We’ve all been there. We’ve all gone down the rabbit hole, spending hours searching for that root cause, only to end up with a number of circumstances that contributed to our issue but no good way of doing something about it. There may be too many places to tweak, the fix may be unclear, its effect difficult to predict, or it may be simply out of our control.
Sound familiar? These experiences are becoming more common as we compose ever larger architectures. We connect ever more services, using ever more technologies, across ever more diverse environments—multi-cloud, hybrid, edge, on premises. The business loves the speed with which we can spin services up and stitch them together in the cloud. But every service, every technology and every environment has its peculiarities. Every component brings its own quirks to the mix. No wonder the architecture that results from this stitching-together—quite literally a landscape of connected services—can behave erratically.
When these behaviors get out of hand and threaten to bring the business down, it is not time to hunt for root causes. When chaos reigns, we must take control. We must “focus on fast detection and response.”
A few years ago, a large retailer experienced a cascading failure that lasted for hours. The company had long adopted a culture of innovation and thus ran a vast and heterogeneous architecture that continued to evolve over time. This architecture included a set of Kubernetes clusters running containerized services and an OpenStack environment that hosted VM-based workloads, including several Kafka clusters.
One day, disaster struck. Systems went down and, like always, the question on everybody’s mind was, “what just happened?” And so, the hunt for a root cause started.
8:30 am: Slowness alerts flood in. Teams are dispatched to investigate.
9:00 am: A DevOps team notices that Kubernetes seems to be “thrashing.” Some pods appear to be continually rescheduled to run on different nodes.
9:30 am: The team determines that the thrashing is not related to any pods. Eventually, all pods are rescheduled.
10:00 am: Upon deeper inspection, it becomes evident that the behavior only affects some clusters, not others.
11:00 am: Teams agree that the Kubernetes behavior seems only to affect the largest clusters.
12:30 pm: Epiphany: the affected clusters are not just large; they run large nodes and thus many pods per node. Every now and then, some nodes run out of CPU. This starves the node’s Docker daemon, as a result of which Kubernetes declares the node “unhealthy” and schedules its pods onto other nodes. But why is the node running out of CPU?
1:00 pm: It becomes evident that the logging sidecars, which are automatically injected into every pod to standardize logging, create a “thundering herd”: they all try to log at the same time. Usually, logging doesn’t use much CPU at all, but when all sidecars try to log simultaneously, CPU spikes. Why are they all logging at the same time?
1:30 pm: The sidecars log to Kafka clusters that run on OpenStack and are hosted in a different part of the infrastructure, and these clusters are only intermittently available. There are extended dropouts, and every time Kafka comes back online, sidecars try to log.
2:30 pm: The OpenStack team confirms that it applied a routine upgrade to its Neutron stack. This should’ve been a “30-second” upgrade, but they are still battling networking issues.
This “30-second,” “routine” upgrade snowballed into hours of application outage. It took the operations teams the better part of a day to reach the bottom of the rabbit hole, only to realize that the resolution was entirely out of their control.

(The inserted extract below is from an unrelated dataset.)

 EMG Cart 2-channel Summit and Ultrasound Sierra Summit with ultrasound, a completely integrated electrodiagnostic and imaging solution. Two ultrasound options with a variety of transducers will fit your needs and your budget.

What if the teams had focused on remediation instead of looking for a root cause? What if they had had the ability to detect interaction behaviors between services and systems quickly and to restore order right away?
Here’s how that alternative timeline might have looked like:
8:00 am: Slowness alerts come flooding in. Using their dashboards, operators examine current system interactions and discover request spikes, dropouts and general “choppy” interaction behaviors between logging sidecars and Kafka clusters. In itself, such “choppiness” is already a sign of trouble, but it is the recurring pattern of prolonged dropouts followed by large spikes that alerts the team to the thundering herd of loggers that cause Kubernetes to thrash.
8:01 am: With a few mouse clicks, the team applies backpressure against the loggers to flatten these spikes. (They still want everything logged, but it is critical that the loggers don’t try to do it all at once.) And to make sure, they also create a circuit breaker to kill any long-running requests that have no chance to complete anyway.
8:02 am: Everything is running smoothly, and the cascading chain of events is averted.
Focusing on rapid detection and response at the service interaction level instead of going down the rabbit hole of searching for a root cause saved the company eight hours of outage. The architecture didn’t come crashing down, and the teams can still ferret out any root causes on their own time—or not.
With companies moving more and more towards an agile, organically evolving landscape of services, operators must detect unexpected interaction behaviors rapidly and respond to them in real-time, as they happen. Without this ability, outages are bound to get worse as the architecture grows.
As a service landscape grows and evolves, observability is no longer enough. Operations teams must invest in the ability to observe rapidly, at the right level, and to take control in real-time.